=== Section Start ===

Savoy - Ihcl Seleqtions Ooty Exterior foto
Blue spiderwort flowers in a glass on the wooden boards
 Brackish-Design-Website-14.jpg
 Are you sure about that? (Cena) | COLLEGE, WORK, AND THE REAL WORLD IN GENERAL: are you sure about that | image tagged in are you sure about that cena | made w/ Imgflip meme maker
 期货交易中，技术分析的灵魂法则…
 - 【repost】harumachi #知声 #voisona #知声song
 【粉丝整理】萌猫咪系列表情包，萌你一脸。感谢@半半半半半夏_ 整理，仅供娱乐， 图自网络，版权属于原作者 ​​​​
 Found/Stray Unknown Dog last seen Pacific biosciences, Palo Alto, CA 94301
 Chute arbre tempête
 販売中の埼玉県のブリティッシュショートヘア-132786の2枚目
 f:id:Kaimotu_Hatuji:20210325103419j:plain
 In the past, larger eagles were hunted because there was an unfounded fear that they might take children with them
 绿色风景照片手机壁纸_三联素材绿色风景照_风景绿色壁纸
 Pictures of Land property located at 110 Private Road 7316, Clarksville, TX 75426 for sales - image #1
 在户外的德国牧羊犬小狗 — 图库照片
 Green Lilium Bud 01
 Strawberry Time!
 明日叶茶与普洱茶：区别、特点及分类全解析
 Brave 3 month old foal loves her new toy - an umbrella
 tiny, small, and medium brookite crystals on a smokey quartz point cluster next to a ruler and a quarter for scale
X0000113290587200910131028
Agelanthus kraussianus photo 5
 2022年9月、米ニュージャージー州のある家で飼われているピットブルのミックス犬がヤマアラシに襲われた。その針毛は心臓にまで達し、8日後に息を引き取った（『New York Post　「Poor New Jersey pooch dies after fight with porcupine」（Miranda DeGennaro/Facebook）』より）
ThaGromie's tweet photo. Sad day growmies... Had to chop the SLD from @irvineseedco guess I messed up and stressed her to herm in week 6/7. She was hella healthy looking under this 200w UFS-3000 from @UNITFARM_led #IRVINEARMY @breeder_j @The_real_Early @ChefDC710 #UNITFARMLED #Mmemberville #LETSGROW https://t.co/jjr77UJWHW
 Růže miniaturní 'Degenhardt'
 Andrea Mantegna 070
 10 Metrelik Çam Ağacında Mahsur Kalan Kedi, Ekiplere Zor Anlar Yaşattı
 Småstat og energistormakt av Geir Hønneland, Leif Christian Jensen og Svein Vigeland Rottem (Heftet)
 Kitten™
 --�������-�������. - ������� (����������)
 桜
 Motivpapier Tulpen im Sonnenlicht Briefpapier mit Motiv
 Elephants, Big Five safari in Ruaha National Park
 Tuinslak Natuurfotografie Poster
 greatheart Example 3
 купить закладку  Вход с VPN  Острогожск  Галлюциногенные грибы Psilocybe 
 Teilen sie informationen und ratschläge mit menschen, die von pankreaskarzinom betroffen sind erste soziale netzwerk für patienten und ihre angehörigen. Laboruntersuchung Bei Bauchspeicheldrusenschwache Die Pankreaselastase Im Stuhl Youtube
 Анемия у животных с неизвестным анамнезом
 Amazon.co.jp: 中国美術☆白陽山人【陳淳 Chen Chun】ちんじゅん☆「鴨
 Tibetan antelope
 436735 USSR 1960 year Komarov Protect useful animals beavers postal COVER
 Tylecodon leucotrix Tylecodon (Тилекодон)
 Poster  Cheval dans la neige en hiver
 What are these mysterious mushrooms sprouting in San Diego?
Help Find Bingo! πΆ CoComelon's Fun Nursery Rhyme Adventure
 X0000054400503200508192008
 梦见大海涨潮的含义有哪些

=== Section End ===

Look over the material above and report each line holding "that".

 Are you sure about that? (Cena) | COLLEGE, WORK, AND THE REAL WORLD IN GENERAL: are you sure about that | image tagged in are you sure about that cena | made w/ Imgflip meme maker
 In the past, larger eagles were hunted because there was an unfounded fear that they might take children with them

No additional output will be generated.